- Date: 19–25 July
- Edition: 39th
- Surface: Clay
- Location: Tampere, Finland

Champions

Singles
- Jiří Lehečka

Doubles
- Pedro Cachin / Facundo Mena
| Tampere Open |

= 2021 Tampere Open =

The 2021 Tampere Open was a professional tennis tournament played on clay courts. It was the 39th edition of the tournament which was part of the 2021 ATP Challenger Tour. It took place in Tampere, Finland, on 19–25 July 2021.
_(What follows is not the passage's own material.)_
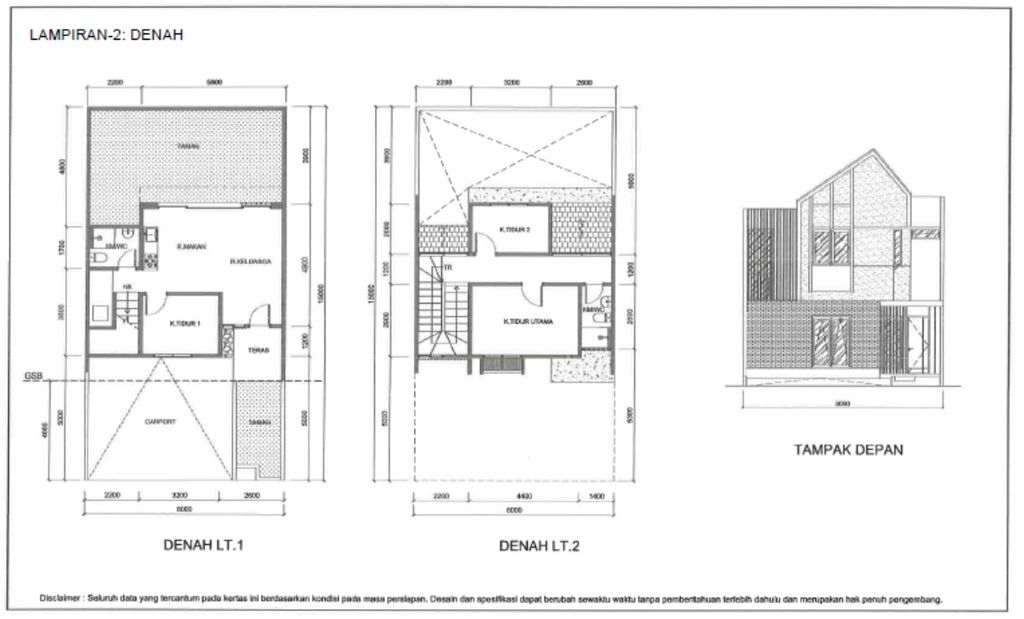 foto denah rumah tipe GAVINA 8B - L STANDAR perumahan SUMMARECON BANDUNG - CLUSTER GENOVA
== Men's singles main draw entrants ==
=== Seeds ===

| Country | Player | Rank^{1} | Seed |
|---|---|---|---|
| NED | Botic van de Zandschulp | 132 | 1 |
| SUI | Henri Laaksonen | 134 | 2 |
| FRA | Antoine Hoang | 148 | 3 |
| ESP | Mario Vilella Martínez | 178 | 4 |
| KAZ | Dmitry Popko | 185 | 5 |
| BEL | Kimmer Coppejans | 191 | 6 |
| FRA | Alexandre Müller | 197 | 7 |
| ARG | Guido Andreozzi | 206 | 8 |

- ^{1} Rankings as of 12 July 2021.

=== Other entrants ===
The following players received wildcards into the singles main draw:
- SWE Leo Borg
- FIN Patrik Niklas-Salminen
- FIN Otto Virtanen

The following player received entry into the singles main draw as a special exempt:
- ESP Mario Vilella Martínez

The following players received entry into the singles main draw as alternates:
- CZE Jonáš Forejtek
- BRA Orlando Luz

The following players received entry from the qualifying draw:
- FRA Geoffrey Blancaneaux
- RUS Bogdan Bobrov
- FRA Arthur Cazaux
- ARG Nicolás Kicker

The following players received entry as lucky losers:
- AUT Alexander Erler
- FRA Kyrian Jacquet

== Champions ==
===Singles===

- CZE Jiří Lehečka def. ARG Nicolás Kicker 5–7, 6–4, 6–3.

===Doubles===

- ARG Pedro Cachin / ARG Facundo Mena def. BRA Orlando Luz / BRA Felipe Meligeni Alves 7–5, 6–3.